With hospital blood supplies tight, some desperate patients are turning to agents known as “blood heads,” who sell certificates that give patients access to state blood banks, creating a black market at the heart of the health-care system.
“To us, buying blood solves our problems,” said Hong, a retired Shanghai civil servant who suffers from myelodysplastic syndrome, a debilitating blood condition. “If there were no blood heads, what would I do?”
The blood “famine,” as it has been dubbed, is an unintended consequence of China’s attempts to restore faith in the nation’s scandal-stained blood supply and encourage people to donate.
In the late 1980s and 1990s, local officials urged farmers to sell their blood and plasma, and an earlier generation of blood heads sold this to hospitals and blood banks. Tens if not hundreds of thousands contracted HIV through unhygienic practices in the process.
A second scandal in 2011 further depressed donations. A young woman who claimed she worked at the Red Cross Society of China posted online pictures of her lavish lifestyle, damaging the image of a charity that helps the government collect blood.
In the mid-1990s, China started shuttering commercial blood stations and in 1998 it introduced a blood donation law, banning the commercial sale of blood and encouraging voluntary donation. It also tightened rules on plasma collection and increased blood testing.
Chinese law now encourages patients to present a certificate showing that they, friends or relatives have donated blood when they need to tap the national supply. Some hospitals will not provide blood without these certificates.
The effect has been to penalize chronically ill patients who depend on regular or large transfusions, as well as those who cannot count on family and friends nearby.
Selling certificates
Chinese law also limits individual whole blood donations to twice a year, and provinces rarely share blood.
To meet demand, a new generation of blood heads have moved in, paying people off the street to donate blood at a state blood bank and selling their donation certificates to those in need.

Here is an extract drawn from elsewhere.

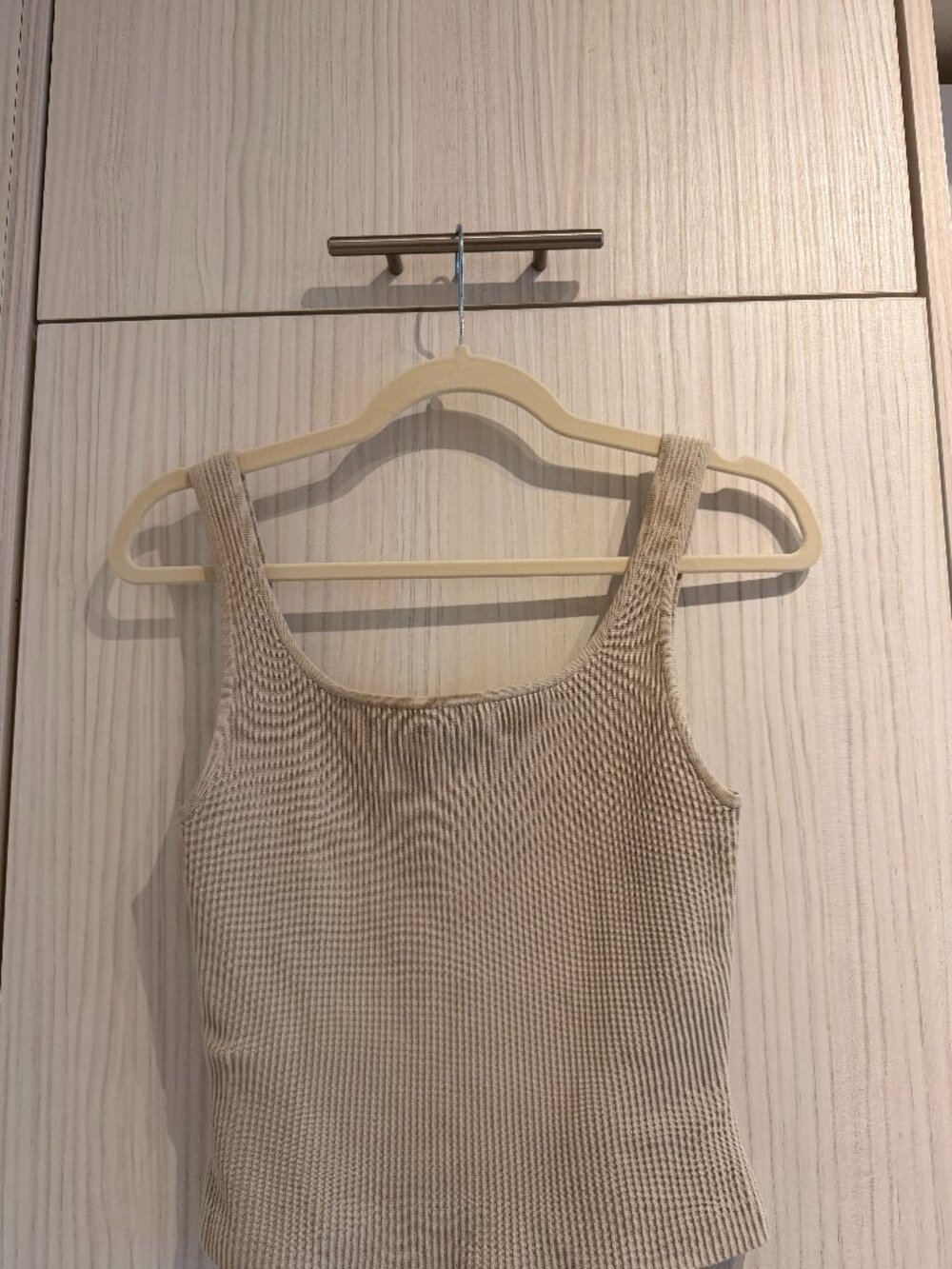 Babaton Ribbed Tank.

The blood heads include men like Zhang, a 25-year-old from the northeastern province of Jilin. His terms: 1,000 yuan (US$160) for every 100 cc (3.4 fl oz) he gets donated into the blood bank. All he needs, beyond money, is a day’s notice, the name of the hospital and the blood type of the patient.
Just under 1 percent of China’s population donated blood in 2011, the most recent year for which figures are available, according to the World Health Organization — at the lower end of the WHO’s recommended range. That year, blood donations rose 5 percent to 4,164 tons, according to China’s National Health and Family Planning Commission.
Blood stocks in many places remain low, and dip even lower at times such as the Chinese New Year. In Changsha, capital of central China’s Hunan Province, a blood donation center official said blood stores were currently a third of the levels considered safe. All but essential surgeries have been postponed.